Siraj-ul-Haq (Pashto: سراج الحق; born 5 September 1962) is a Pakistani politician who was elected as the chief of Jamaat-e-Islami, a religious political party in Pakistan which seeks to establish an Islamic legal system. He also served as the Finance minister of Khyber Pakhtunkhwa twice; first in the cabinet of Chief Minister Akram Khan Durrani, from 2002-2007, and again minister during Pervez Khattak's tenure as Chief Minister.

==Early life and education==
Siraj-ul-Haq was born in Meerzo village of Shabqadar Tehsil in Charsadda District. However, he paternally belongs to Samarbagh in Lower Dir District. His father was a graduate of Darul Uloom Deoband and the superintendent (مہتمم) of a Madrassa. He received his early education in local regional schools and studied political science in the University of Peshawar and MA (Education) from University of Punjab in 1990. At university, he studied the books of Maulana Syed Abul Aala Maududi and Maulana Naeem Siddiqui.

==Political career==
He joined Islami Jamiat-e-Talaba and was the chief of Islami Jamiat-e-Talaba from 1988 to 1991 and has been elected twice as MPA from PK-95 constituency.

He was elected to Khyber Pakhtunkhwa Assembly in the 2002 election from the platform of Muttahida Majlis-e-Amal and was made finance minister in the provincial cabinet under the leadership of Akram Khan Durrani. However, he allegedly resigned in protest against the deadly US drone strike on a madrassa in Bajaur Agency which resulted in the deaths of 86 children. Though the then Ameer Jamat e Islami, Qazi Hussain Ahmad, claimed that it was the party decision to vacate one of the two offices i.e. Ministry and Ameer Jamat e Islami Khyber Pakhtunkhwa, then N.W.F.P. His party boycotted the 2008 election. In 2013, he contested on Jamaat-e-Islami's ticket and was elected to the assembly.

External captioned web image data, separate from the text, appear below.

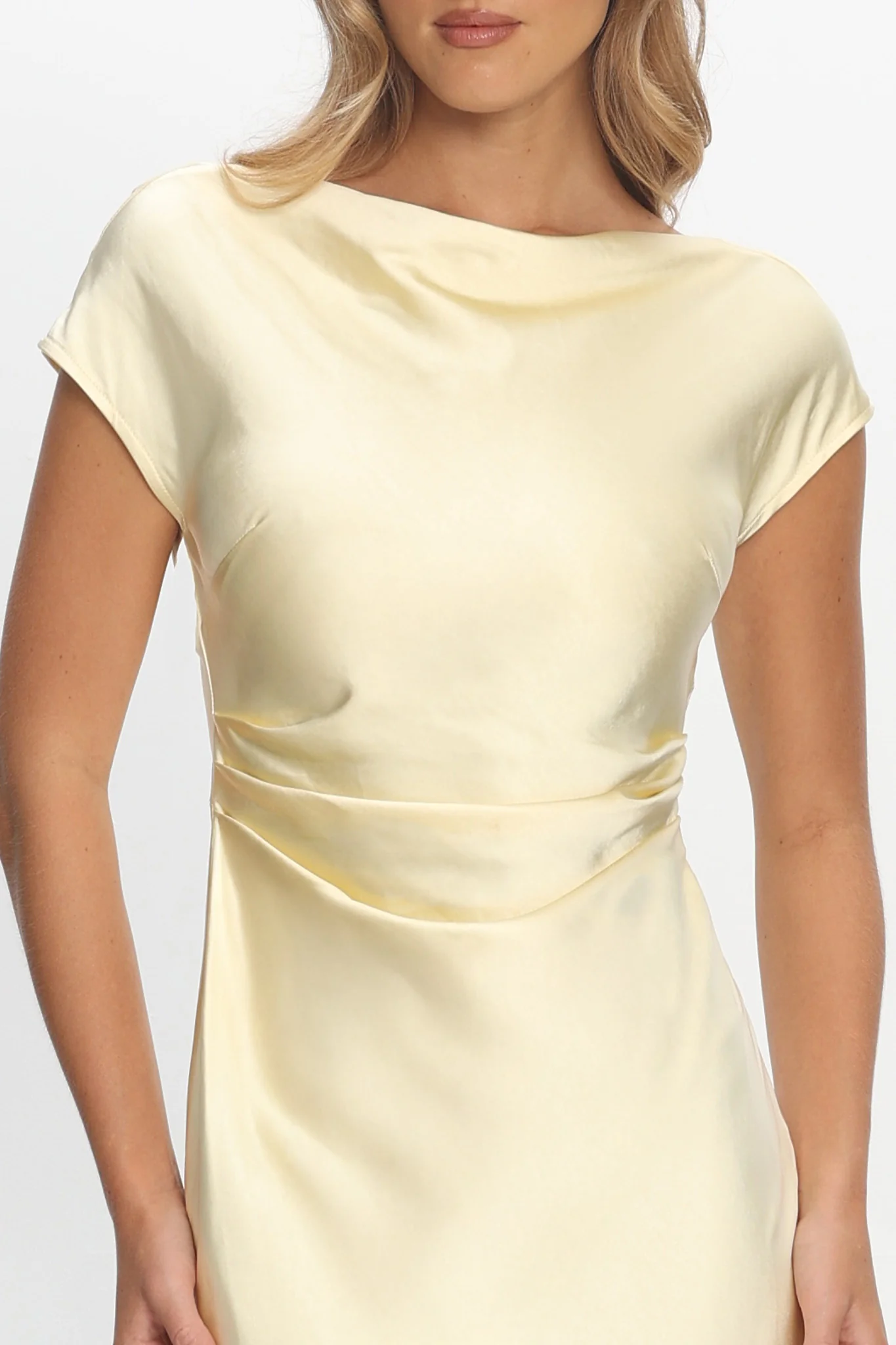 Loveland Cap Sleeve Cowl Back Midi Dress Butter - Image 4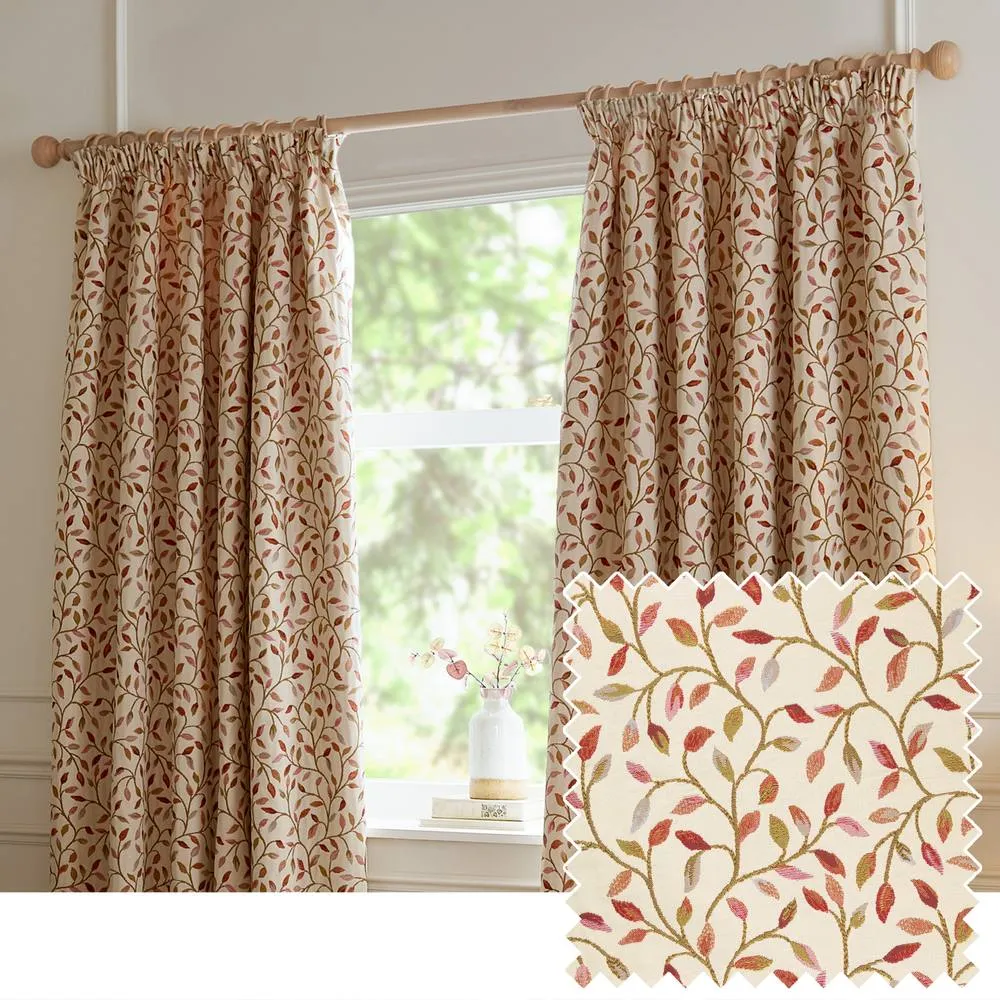 Voyage Maison Cervino Jacquard Pencil Pleat Curtain Pair in Beige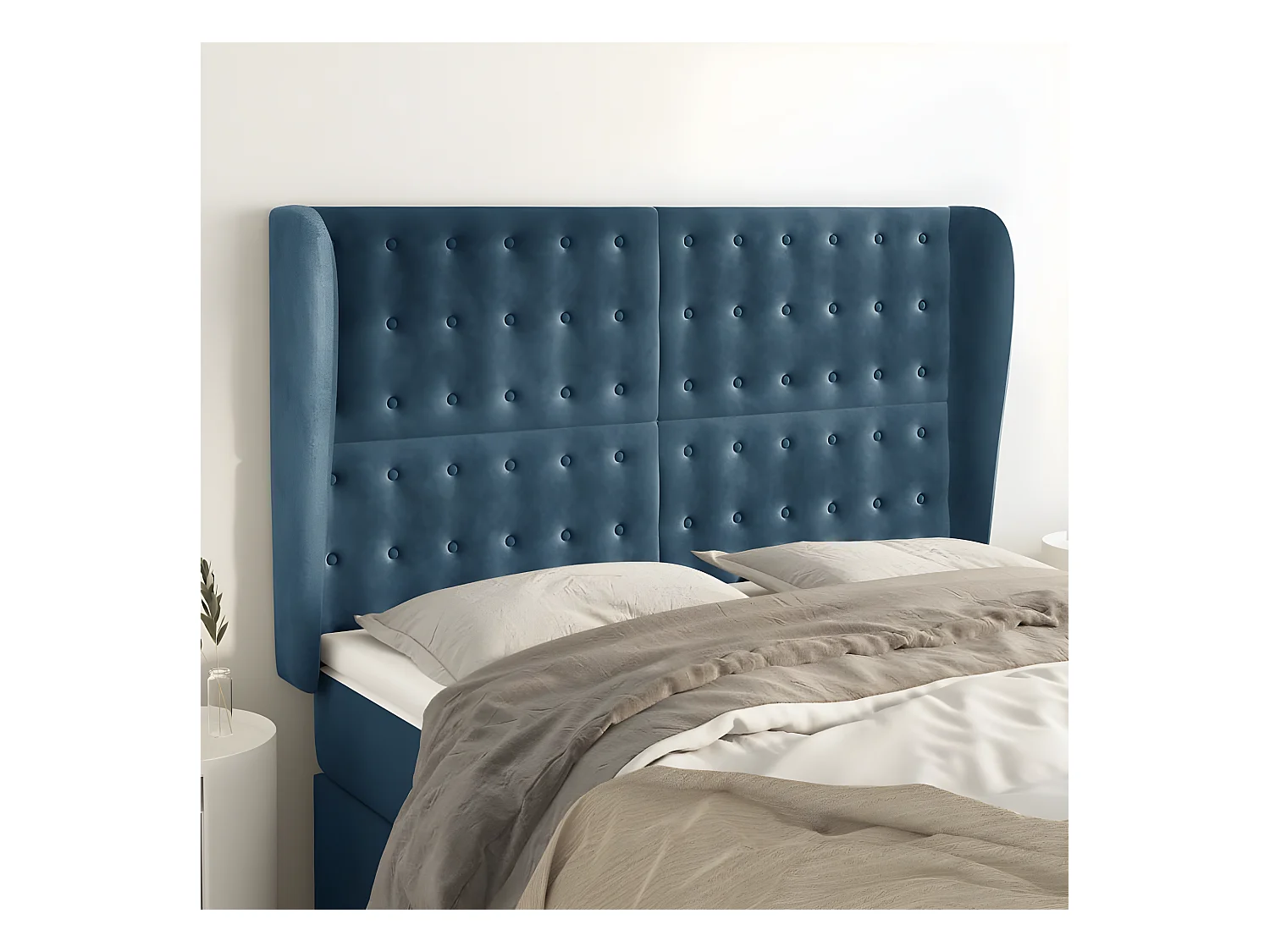 Tête de lit avec oreilles Bleu foncé 147x23x118/128 cm Velours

He remained the Deputy Ameer of Jamaat-e-Islami until 30 March 2014 when he was elected as the Ameer of Jamaat-e-Islami Pakistan. In accordance with party rules whereby intra-party elections are held every five years, he was re-elected as Ameer (chief) of Jamaat-e-Islami in March 2019, until March 2024. He remains immensely popular in his constituency and is known for his modesty among friends and foes alike.

He resigned from the Ministry of Finance in June 2014 right after the budget because, according to party rules, one person cannot hold two offices at the same time. At that time, he was Ameer of Jamaat-e-Islami and Senior Minister in KPK Assembly.

He gained immense popularity when Imran Khan and Muhammad Tahir-ul-Qadri announced the Long March against Prime Minister Muhammad Mian Nawaz Sharif. He acted as a neutral figure. He convinced the government and Imran Khan to negotiate and due to his efforts the government became stable. He said that the Jamaat-e-Islami would not let democracy be derailed and, political differences aside, democracy would be saved. For his efforts, he received an award from the government of Pakistan on 14 August 2014 from President Mamnoon Hussain.

In 2015, he fought and won the election for senate. He is considered to be a senior member of the Parliament of Pakistan.

During the 2018 general elections, he lost the national assembly seat NA-7 Lower Dir II to his rival candidate, Muhammad Bashir Khan of PTI, by a margin of 16,144 votes and was the runner up.

== Writings ==
Siraj-ul-Haq has authored opinion pieces, notably in Narratives Magazine, where he addressed issues such as the Kashmir conflict and the critique of dynastic politics in Pakistan.